In the afternoon of the 23rd I left Vilque for the sheep-farm of Taya-taya, in company with Dr. Don Camillo Chaves the superintendent. The road was crowded with people coming from Arequipa to the fair at Vilque: native shopkeepers, English merchants coming to arrange for their supplies of wool, and a noisy company of arrieros on their way to buy mules, and armed to the teeth with horse-pistols, old guns, and huge daggers, to defend their money-bags. Many of them were good-looking fellows, the older ones bearing signs of hard drinking.

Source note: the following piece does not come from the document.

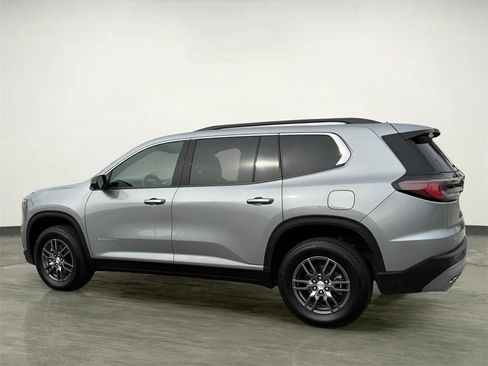 Used 2025 GMC Acadia Elevation image 5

The sheep-farm of Taya-taya,[348] four leagues from Vilque, is a large range of mud-plastered buildings with thatched roofs, built round a large patio, on a bleak plain surrounded by mountains. In the morning a flock of forty llamas were being laden with packs of wool in the patio, at which they were making bitter lamentations. We started early on May 24th, and encountered a cold gale of wind, blowing in icy squalls over the cordillera. I reached the posthouse of Cuevillas in the night, a distance of 45 miles; got as far as the posthouse of Pati the next day; encountered a tremendous gale of wind on the skirts of the volcano of Arequipa, but descended to the valley of Cangallo on the 26th; and rode into the city of Arequipa, with my plants, on the morning of the 27th of May. Mr. Weir arrived from Crucero on the 29th, having, as I expected, found Martel in that town, whose designs were thus baffled. From Sandia to Arequipa is a distance of nearly 300 miles. No opposition was made to my departure from Arequipa, although the local newspaper had something to say afterwards,[349] and on June 1st the plants were safely deposited by the Wardian cases at the port of Islay.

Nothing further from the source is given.